Integration by Parts for not so regular Sobolev functions

Question

I am concerned with the following question: Let us assume we have some nice bounded domain $\Omega$ and $u\in W^{2,p}(\Omega)$ for some $1<p<2$. Let us further assume that we know that $-\Delta u\cdot u$ is in $L^1(\Omega)$ such that the integral $$ \int_\Omega -\Delta u\cdot u <\infty $$ is well-defined.

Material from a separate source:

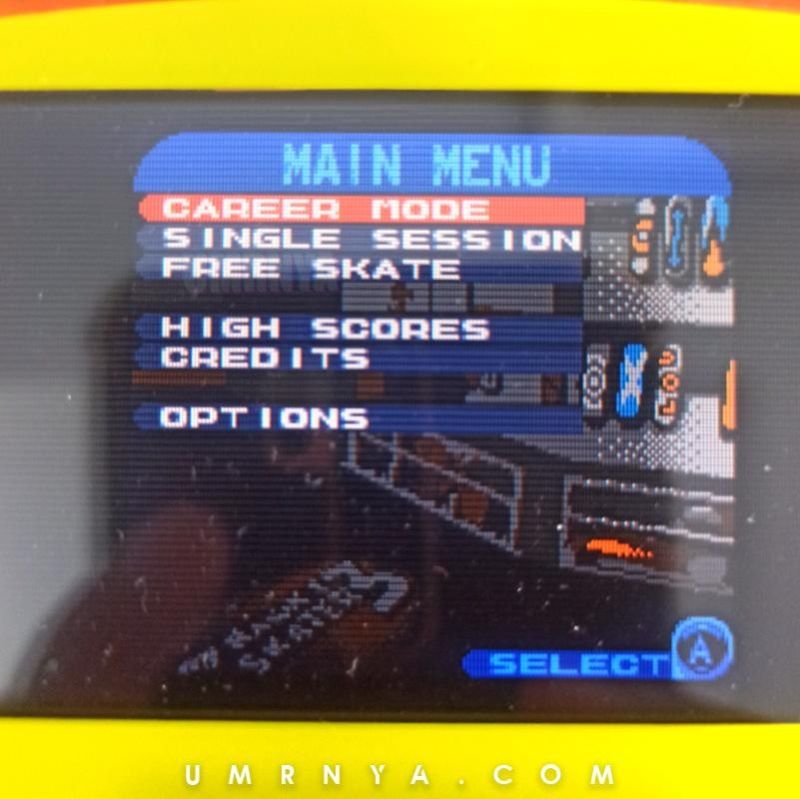Kaset Tony Hawks's Pro Skater 3 Hawks Original Nintendo Gameboy Color GBC GBA SP Cartridge game boy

Observe that this is not trivial since it might be that $p$ is very close to one such that the Sobolev embeddings do not yield $-\Delta u\cdot u\in L^1$. Now my question is the following: Can we, with this further information about integrability, deduce something like $|\nabla u \nabla u|^2\in L^1(\Omega)$, $\nabla u\cdot \vec{n}\cdot u\in L^1(\partial \Omega)$ and the usual integration by parts: $$ \int_\Omega -\Delta u\cdot u = \int_\Omega |\nabla u|^2+\int_{\partial \Omega} \nabla u\cdot \vec{n} \cdot u <\infty $$ Calculating the Sobolev embeddings this is clear for $p\geq \frac{6}{5}$ but can we get it even for $1<p<\frac{6}{5}$? Maybe there is some literature for this stuff, but I am not sure what the appropriate key words are. Thank you for any help!